Fantasy gaming is full of different beastfolk races. There are catfolk, ratfolk, lizardfolk, mongrelfolk, etc. They are almost always highly specific in terms of which animal they anthropomorphize, and sometimes may display subraces with more specific features like halfling-size ratfolk, squirrel-tailed ratfolk, etc. They are typically created by dark magic or a precursor race.

What is less common are generic beastfolk races who don't have a fixed animal aspect. There are a fair amount of supplements for beastfolk that let you build the race yourself rather than presenting a preset race, but there are few that do anything similar with the world building. (In contrast to the beastmen's random mutations being taken for granted.)

For example, the ferrans in Thunderscape: the World of Aden have multiple animal aspects within the same species. They are divided into three branches of mammalian, avian or reptilian. However, a ferran may only have children with a member of the same branch and their child will inherit the same animal aspect as one of their parents.

By contrast, the sankarjin span the full spectrum of avian, aquatic, amphibian, mammal, reptile, and insectoid. They do not have hereditary appearances: a wolf and a sheep may have a child who is reptilian or rabbit. (The link appears to be dead and I cannot find any copies elsewhere, so sorry about that!)

The beastfolk in Victoriana by Cubicle 7 Games are a more extreme example compared to ferrans. They are a race, but their animal aspect is random rather than hereditary. What is further interesting and bizarre is that stereotypes are associated with animal aspects: ratfolk are disliked, dogfolk are accepted, lionfolk are beloved, etc.
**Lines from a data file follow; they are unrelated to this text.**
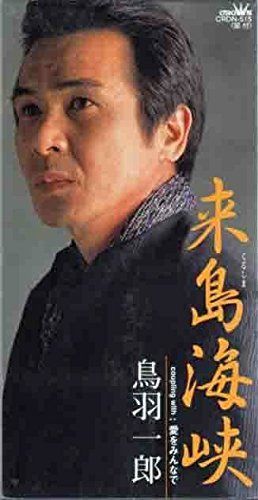 【CD】来島海峡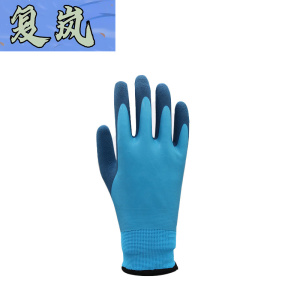 复岚 加绒劳保手套 ST32/双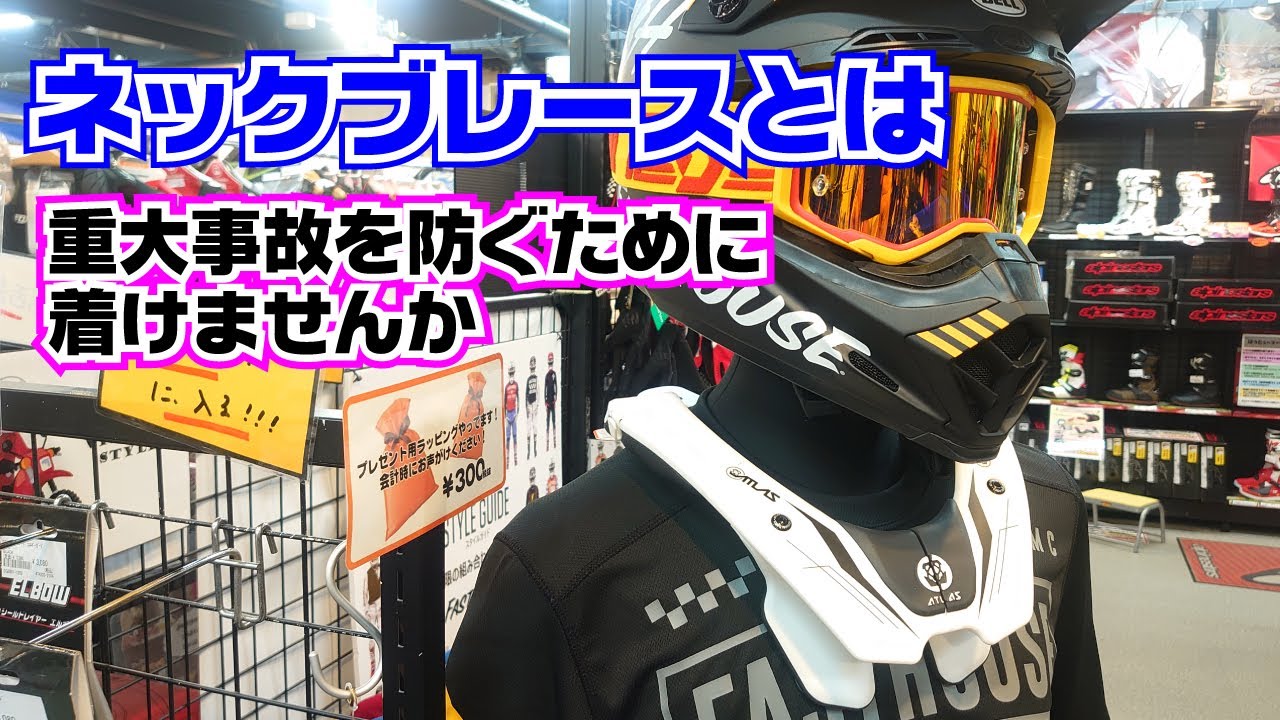 ATLAS キッズ アトラス ネックブレース タイク ブラック| Dirtbikeplus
There are not, to my knowledge, beastfolk races where the character (as opposed to the player) may choose their animal aspect. Or change it. Or have multiple aspects like a chimera (except for the aforementioned mongrelfolk). I guess that is something to world build later.

ADDENDUM 11/19/2019: This writeup depicts beastmen as transformed animals, and "flora sapiens" as evolved plants.